Leave the pictures behind and reproduce every line of the listing exactly.

● SUPPLIED MATERIAL:
**********
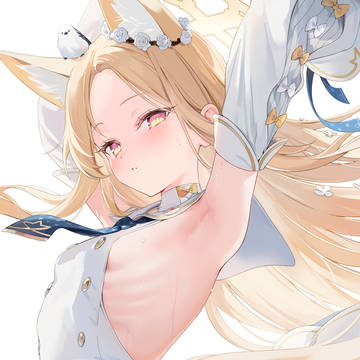 セイアちゃん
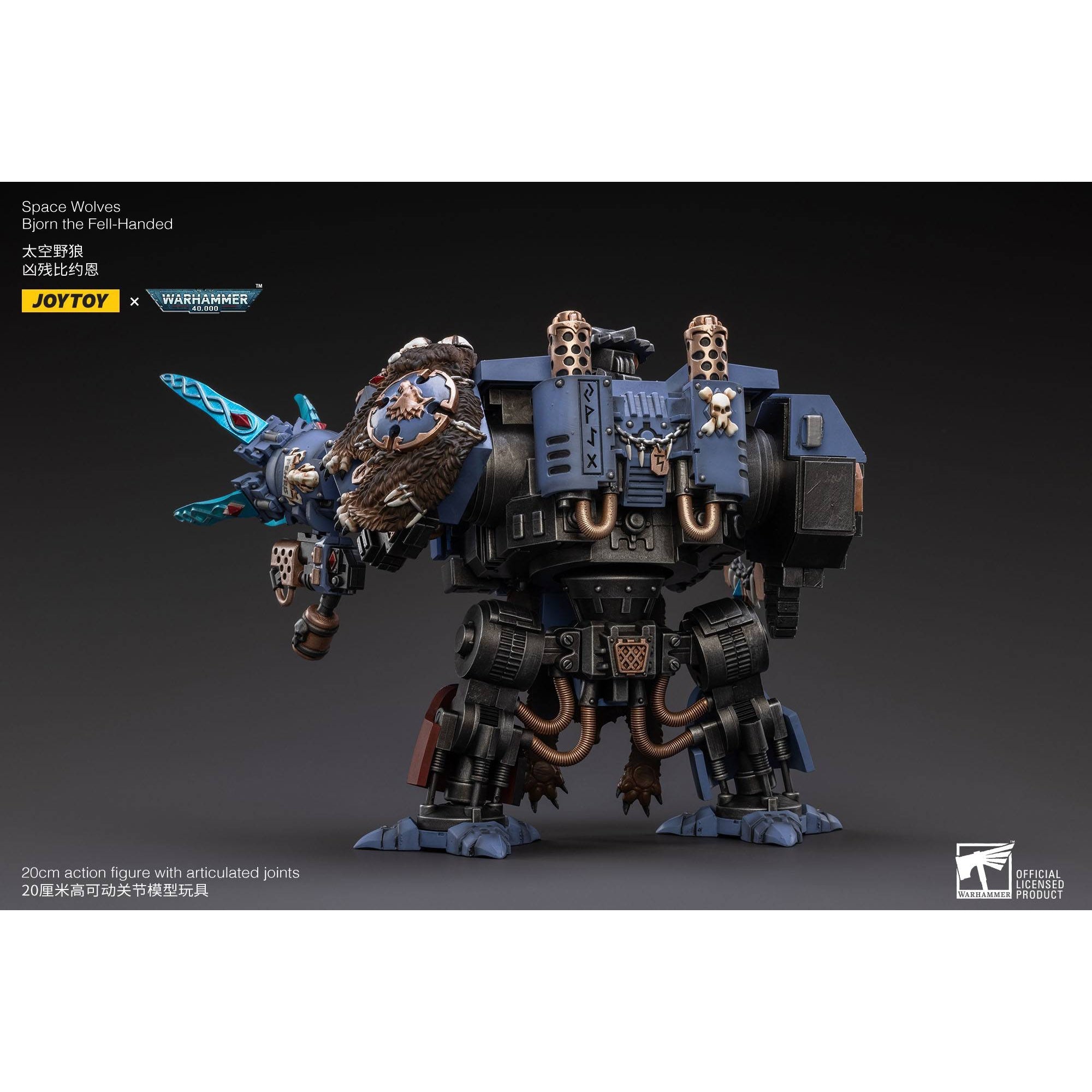 Warhammer 40k: Space Wolves Bjorn the Fell-Handed - 19 cm-Actionfiguren-JoyToy-Mighty Underground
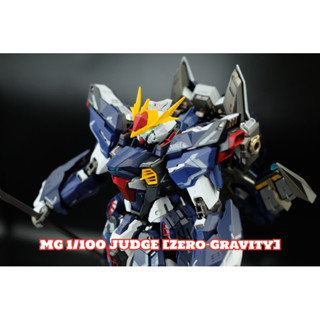 MG 1/100 Judge [Zero Gravity] ประกอบทำสีแล้วพร้อมส่ง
**********
● OUTPUT BELOW:
 セイアちゃん
 Warhammer 40k: Space Wolves Bjorn the Fell-Handed - 19 cm-Actionfiguren-JoyToy-Mighty Underground
 MG 1/100 Judge [Zero Gravity] ประกอบทำสีแล้วพร้อมส่ง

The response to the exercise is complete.